Since it's a blog post, not an ariticle in the magazine, Hendrik Hertzberg's impressions of William Faulkner's home town at the New Yorker site are "A Missive from Ole Miss" instead of a "Letter from Mississippi," but, whatever you call the piece, it makes for good reading, like everything else he writes. His deconstruction of the inscriptions on the statue of the Confederate soldier remind me of my own bafflement, around twenty years ago, when, strolling around on the Ole Miss campus, I saw a young woman wearing a t-shirt that on the front displayed the Confederate flag and on the back declared "PROUD OF MY SOUTHERN HERITAGE."
What, exactly, was she proud of?
Hertzberg mentions that he saw some Obama stickers on cars parked around Oxford's Courthouse Square.

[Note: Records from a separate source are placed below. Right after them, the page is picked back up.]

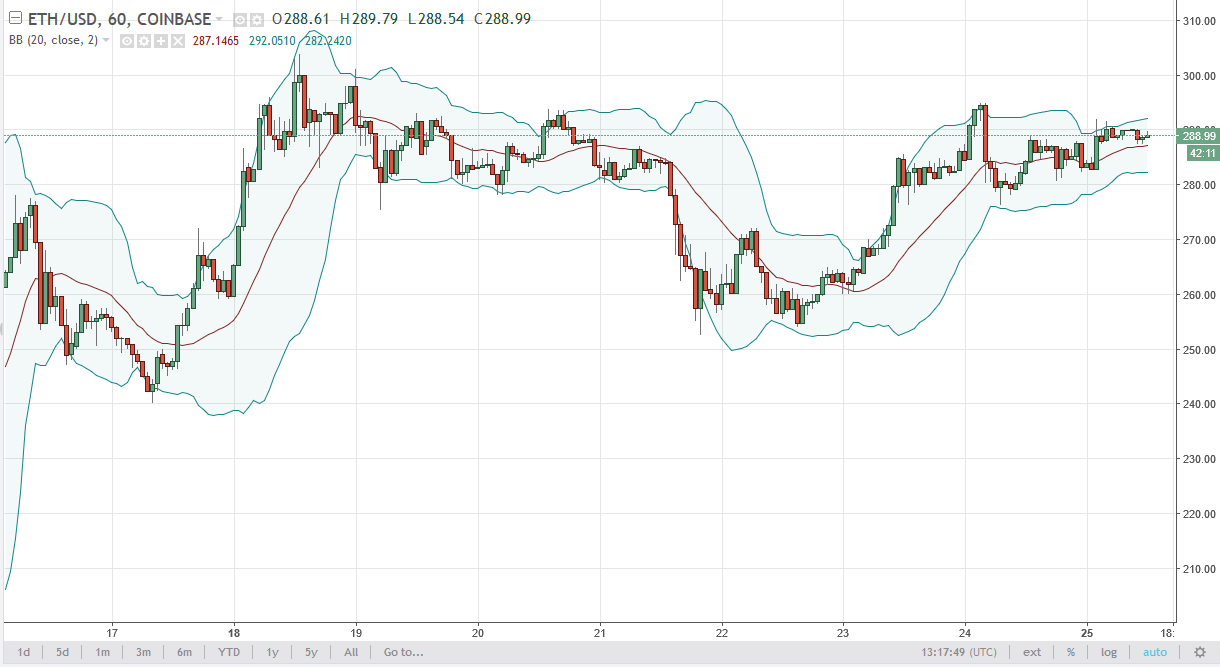 ETH/USD and ETH/BTC Technical Analysis September 26 2025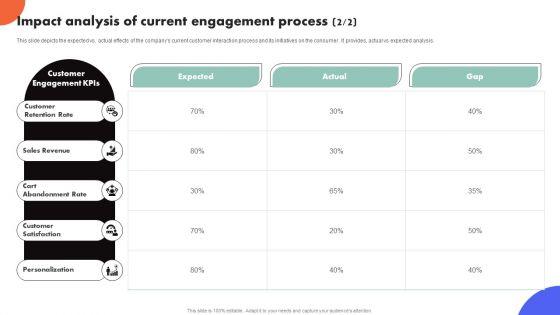 Improving_Buyer_Journey_Through_Strategic_Customer_Engagement_Impact_Analysis_Of_Current_Engagement_Process_Clipart_PDF_Slide_2.jpg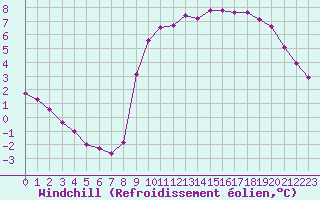 Courbe du refroidissement olien pour Renwez (08)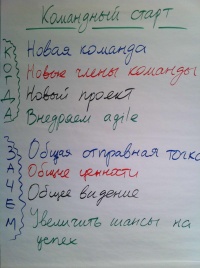 DmitvievTeamStart1.jpg
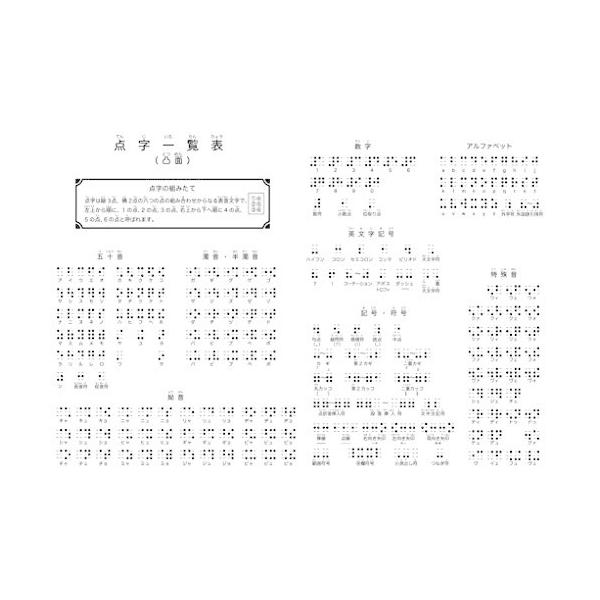 お風呂学習ポスター 点字一覧表 モノクロ ニューインテックストア 通販 Yahoo ショッピング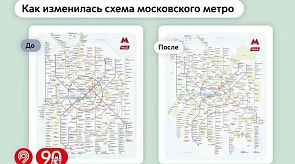 Новости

That was enough to make me look up the election results in Lafayette County, for which Oxford serves as county seat: McCain, 56%; Obama, 43%--a perfect reflection of the statewide result. Still, the county has some plausible claim to being relatively enlightened. Only a quarter of the residents of Lafayette County are African American, as compared to over a third in the whole state, so it seems reasonable to assume that Obama did somewhat better with the county's white voters than he did in the rest of Mississippi. It's those university "elites"!
But it's easy to get carried away. Obama won just 11% of the white vote in Mississippi, so it wouldn't take more than about 1-in-5 white votes to make up for the relative dearth of African Americans in Lafayette County.